Same issue. Scrapped the stock pads, and replaced them with the high end Drag Specialty pads. That worked for about 10 miles, then the moaning came back. Next attempt was to put a boat load of brake pad grease on the back of the pads. Didn't help at all, then I realized when I re-installed the pads I slid them in up against the pistons, thereby cleverly scraping most of the grease off. Duh! Greased up again and reinstalled by placing them in the center of the gap then pressing them against the pistons (I hope that makes sense). About 80% of the noise is gone now. It's an issue of harmonics that I suspect centers around the design of the caliper. The brake grease helps dampen the harmonic vibration of the pad.

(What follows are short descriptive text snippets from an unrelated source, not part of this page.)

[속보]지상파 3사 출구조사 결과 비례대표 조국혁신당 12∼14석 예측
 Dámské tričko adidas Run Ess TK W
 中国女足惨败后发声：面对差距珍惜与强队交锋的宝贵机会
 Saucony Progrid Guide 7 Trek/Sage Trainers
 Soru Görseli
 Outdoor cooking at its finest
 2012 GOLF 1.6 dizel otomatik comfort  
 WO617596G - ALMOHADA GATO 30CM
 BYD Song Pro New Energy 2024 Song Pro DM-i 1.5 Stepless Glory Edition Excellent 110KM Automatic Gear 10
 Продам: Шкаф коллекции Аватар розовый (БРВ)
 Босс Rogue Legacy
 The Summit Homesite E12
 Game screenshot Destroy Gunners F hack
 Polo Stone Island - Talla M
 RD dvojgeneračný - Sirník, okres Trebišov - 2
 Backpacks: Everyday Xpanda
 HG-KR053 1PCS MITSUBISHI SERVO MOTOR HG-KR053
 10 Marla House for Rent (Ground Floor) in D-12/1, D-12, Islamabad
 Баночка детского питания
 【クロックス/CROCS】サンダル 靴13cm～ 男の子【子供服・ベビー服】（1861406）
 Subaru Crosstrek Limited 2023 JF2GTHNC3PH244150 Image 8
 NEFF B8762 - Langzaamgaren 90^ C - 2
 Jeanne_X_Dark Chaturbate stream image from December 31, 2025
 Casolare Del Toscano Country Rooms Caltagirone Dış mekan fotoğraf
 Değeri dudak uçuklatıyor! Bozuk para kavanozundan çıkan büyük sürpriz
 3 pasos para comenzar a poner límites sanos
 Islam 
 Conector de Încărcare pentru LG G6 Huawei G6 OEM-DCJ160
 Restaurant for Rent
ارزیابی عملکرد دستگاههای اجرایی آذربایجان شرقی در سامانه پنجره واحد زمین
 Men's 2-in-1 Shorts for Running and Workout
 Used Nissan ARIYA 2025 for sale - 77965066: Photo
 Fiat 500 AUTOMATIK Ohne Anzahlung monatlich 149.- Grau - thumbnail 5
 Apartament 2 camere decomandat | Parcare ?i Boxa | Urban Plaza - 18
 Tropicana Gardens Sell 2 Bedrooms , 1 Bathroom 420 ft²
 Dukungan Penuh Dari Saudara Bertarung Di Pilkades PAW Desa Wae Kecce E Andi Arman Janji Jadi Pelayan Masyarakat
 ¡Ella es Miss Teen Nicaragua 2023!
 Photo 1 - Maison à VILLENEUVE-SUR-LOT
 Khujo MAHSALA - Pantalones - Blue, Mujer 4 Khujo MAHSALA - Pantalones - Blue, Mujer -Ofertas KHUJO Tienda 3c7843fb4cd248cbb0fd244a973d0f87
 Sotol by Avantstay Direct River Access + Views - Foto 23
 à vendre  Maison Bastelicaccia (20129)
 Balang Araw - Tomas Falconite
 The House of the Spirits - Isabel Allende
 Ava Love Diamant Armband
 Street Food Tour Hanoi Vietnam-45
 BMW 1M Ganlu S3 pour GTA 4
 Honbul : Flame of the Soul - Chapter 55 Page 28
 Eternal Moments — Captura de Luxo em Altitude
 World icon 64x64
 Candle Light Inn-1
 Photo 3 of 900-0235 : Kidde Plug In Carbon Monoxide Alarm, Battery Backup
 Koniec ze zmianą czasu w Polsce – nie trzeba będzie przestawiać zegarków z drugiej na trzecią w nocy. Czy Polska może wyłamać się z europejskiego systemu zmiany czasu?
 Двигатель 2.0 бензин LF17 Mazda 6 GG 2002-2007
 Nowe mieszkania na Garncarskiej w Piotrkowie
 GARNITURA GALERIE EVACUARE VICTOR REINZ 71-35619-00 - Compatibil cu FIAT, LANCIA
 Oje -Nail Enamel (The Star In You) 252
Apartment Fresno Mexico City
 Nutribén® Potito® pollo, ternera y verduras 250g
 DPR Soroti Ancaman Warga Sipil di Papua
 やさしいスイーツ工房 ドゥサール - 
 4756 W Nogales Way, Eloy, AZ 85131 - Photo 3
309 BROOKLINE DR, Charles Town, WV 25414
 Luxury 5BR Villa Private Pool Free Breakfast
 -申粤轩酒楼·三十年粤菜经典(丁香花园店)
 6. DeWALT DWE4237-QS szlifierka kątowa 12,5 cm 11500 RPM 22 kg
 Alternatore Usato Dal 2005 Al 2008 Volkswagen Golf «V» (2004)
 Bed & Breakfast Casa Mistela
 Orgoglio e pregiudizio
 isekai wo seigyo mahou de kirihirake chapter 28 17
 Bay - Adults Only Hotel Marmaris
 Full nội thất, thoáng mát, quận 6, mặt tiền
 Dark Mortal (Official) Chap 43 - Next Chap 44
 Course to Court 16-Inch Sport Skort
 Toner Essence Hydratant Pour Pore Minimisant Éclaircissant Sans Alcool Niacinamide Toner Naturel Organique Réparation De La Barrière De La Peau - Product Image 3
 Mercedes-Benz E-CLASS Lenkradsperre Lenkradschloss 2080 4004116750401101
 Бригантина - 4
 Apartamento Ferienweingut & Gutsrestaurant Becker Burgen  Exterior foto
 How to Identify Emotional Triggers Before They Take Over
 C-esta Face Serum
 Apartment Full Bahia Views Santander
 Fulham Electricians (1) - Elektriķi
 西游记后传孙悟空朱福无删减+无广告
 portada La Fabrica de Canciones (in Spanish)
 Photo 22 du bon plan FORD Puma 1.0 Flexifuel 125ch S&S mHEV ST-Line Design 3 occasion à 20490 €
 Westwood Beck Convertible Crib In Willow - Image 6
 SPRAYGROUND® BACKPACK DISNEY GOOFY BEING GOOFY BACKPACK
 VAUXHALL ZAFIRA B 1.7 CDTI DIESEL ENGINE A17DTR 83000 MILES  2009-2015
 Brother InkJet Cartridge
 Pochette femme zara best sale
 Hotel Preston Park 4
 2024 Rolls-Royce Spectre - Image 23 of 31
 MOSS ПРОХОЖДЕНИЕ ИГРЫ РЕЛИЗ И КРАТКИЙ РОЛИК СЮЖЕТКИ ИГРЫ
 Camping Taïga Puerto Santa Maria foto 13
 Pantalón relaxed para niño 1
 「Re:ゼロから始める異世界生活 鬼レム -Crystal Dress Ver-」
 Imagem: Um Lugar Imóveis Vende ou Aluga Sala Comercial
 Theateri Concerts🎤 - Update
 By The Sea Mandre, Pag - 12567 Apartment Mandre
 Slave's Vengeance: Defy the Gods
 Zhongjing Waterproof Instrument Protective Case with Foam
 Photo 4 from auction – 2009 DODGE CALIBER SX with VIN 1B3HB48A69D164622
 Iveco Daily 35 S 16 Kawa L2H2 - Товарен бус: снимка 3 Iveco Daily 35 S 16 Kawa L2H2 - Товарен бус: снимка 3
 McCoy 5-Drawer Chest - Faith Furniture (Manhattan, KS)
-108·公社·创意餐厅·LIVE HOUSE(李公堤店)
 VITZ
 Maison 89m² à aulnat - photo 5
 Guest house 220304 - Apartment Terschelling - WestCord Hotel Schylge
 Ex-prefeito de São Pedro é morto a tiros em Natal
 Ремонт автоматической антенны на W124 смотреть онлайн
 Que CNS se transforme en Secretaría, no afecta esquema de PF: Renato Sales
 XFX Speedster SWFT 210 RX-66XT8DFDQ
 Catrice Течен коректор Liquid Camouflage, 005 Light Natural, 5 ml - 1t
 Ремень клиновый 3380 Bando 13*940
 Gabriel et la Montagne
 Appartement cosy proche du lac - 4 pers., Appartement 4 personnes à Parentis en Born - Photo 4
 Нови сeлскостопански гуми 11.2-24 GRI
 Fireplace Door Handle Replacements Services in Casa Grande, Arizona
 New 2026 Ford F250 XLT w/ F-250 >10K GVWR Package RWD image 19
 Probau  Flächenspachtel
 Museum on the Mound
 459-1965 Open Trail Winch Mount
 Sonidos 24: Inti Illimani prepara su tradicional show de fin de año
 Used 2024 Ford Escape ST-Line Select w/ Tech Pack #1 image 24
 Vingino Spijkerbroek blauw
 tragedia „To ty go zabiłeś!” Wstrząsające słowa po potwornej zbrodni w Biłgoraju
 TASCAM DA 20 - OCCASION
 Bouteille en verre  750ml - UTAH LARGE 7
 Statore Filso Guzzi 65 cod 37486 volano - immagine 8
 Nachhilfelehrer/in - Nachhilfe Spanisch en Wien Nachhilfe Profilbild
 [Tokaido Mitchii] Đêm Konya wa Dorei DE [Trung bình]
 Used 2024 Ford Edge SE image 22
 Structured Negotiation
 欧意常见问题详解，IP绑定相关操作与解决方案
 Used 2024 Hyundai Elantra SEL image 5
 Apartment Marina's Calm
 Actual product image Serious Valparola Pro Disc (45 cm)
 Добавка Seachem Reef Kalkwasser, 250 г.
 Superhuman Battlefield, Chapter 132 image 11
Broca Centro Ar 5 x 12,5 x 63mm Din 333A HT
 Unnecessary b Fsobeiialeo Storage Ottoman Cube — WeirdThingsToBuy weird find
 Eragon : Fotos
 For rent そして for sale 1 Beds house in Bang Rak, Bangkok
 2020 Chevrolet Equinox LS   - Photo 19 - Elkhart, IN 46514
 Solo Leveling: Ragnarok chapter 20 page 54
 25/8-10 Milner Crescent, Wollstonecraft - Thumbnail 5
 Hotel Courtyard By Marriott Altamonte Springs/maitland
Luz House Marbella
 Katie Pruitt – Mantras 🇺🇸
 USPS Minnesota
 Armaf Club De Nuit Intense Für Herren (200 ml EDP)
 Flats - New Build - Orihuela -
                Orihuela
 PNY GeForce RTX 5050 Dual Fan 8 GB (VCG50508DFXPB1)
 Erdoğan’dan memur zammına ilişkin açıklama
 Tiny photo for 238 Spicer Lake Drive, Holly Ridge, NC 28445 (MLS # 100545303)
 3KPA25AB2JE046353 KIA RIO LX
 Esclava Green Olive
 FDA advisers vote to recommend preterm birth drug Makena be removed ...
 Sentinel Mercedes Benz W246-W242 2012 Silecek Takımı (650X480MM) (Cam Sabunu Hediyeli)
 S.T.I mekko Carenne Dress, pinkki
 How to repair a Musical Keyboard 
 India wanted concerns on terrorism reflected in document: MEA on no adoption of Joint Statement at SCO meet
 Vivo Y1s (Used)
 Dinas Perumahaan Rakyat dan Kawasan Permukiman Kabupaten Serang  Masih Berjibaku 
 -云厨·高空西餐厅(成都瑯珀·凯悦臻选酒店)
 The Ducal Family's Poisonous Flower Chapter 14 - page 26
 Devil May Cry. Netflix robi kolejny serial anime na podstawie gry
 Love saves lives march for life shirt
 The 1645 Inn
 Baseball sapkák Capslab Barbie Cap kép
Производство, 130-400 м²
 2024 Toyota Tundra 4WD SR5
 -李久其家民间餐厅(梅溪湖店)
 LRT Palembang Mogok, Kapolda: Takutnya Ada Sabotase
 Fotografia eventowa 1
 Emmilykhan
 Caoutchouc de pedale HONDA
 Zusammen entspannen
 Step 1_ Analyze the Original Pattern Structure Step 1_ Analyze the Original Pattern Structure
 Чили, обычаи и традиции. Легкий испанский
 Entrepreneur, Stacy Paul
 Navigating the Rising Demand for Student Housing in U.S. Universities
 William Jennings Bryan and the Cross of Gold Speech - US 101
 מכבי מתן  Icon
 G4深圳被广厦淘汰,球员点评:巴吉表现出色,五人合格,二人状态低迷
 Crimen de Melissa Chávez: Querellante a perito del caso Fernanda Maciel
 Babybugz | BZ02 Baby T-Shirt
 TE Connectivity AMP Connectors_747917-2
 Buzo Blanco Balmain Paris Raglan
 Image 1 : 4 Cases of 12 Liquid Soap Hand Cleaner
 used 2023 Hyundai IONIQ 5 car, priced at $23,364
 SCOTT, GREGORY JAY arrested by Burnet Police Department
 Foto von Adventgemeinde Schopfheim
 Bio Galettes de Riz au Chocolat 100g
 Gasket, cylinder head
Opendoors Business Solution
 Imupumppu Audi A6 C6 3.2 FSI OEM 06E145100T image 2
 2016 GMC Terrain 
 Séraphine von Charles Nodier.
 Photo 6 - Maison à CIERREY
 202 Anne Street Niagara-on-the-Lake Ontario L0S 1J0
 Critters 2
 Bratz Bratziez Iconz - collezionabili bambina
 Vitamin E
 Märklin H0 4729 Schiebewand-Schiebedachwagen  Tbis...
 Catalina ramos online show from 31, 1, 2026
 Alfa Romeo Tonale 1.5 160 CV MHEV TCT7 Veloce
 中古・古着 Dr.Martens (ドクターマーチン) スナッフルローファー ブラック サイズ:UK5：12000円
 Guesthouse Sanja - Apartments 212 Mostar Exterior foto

It's still annoying but not nearly as much so as before.
Oh, yeah. The service guy at the dealer said it was because of the way I was applying the brakes. Apparently I've been doing it wrong for 51 years, and have just been lucky I never experienced the noise before <sarcasm alert>!
Same issue. Scrapped the stock pads, and replaced them with the high end Drag Specialty pads. That worked for about 10 miles, then the moaning came back. Next attempt was to put a boat load of brake pad grease on the back of the pads. Didn't help at all, then I realized when I re-installed the pads I slid them in up against the pistons, thereby cleverly scraping most of the grease off. Duh! Greased up again and reinstalled by placing them in the center of the gap then pressing them against the pistons (I hope that makes sense). About 80% of the noise is gone now. It's an issue of harmonics that I suspect centers around the design of the caliper. The brake grease helps dampen the harmonic vibration of the pad. It's still annoying but not nearly as much so as before.
Oh, yeah. The service guy at the dealer said it was because of the way I was applying the brakes. Apparently I've been doing it wrong for 51 years, and have just been lucky I never experienced the noise before <sarcasm alert>!
It is harmonics but it's the disc, not the caliper that's causing it. If you remove the caliper and strike the disc, it will ring like a bell. That is what I addressed and now, no more noise, none!
It is harmonics but it's the disc, not the caliper that's causing it. If you remove the caliper and strike the disc, it will ring like a bell. That is what I addressed and now, no more noise, none!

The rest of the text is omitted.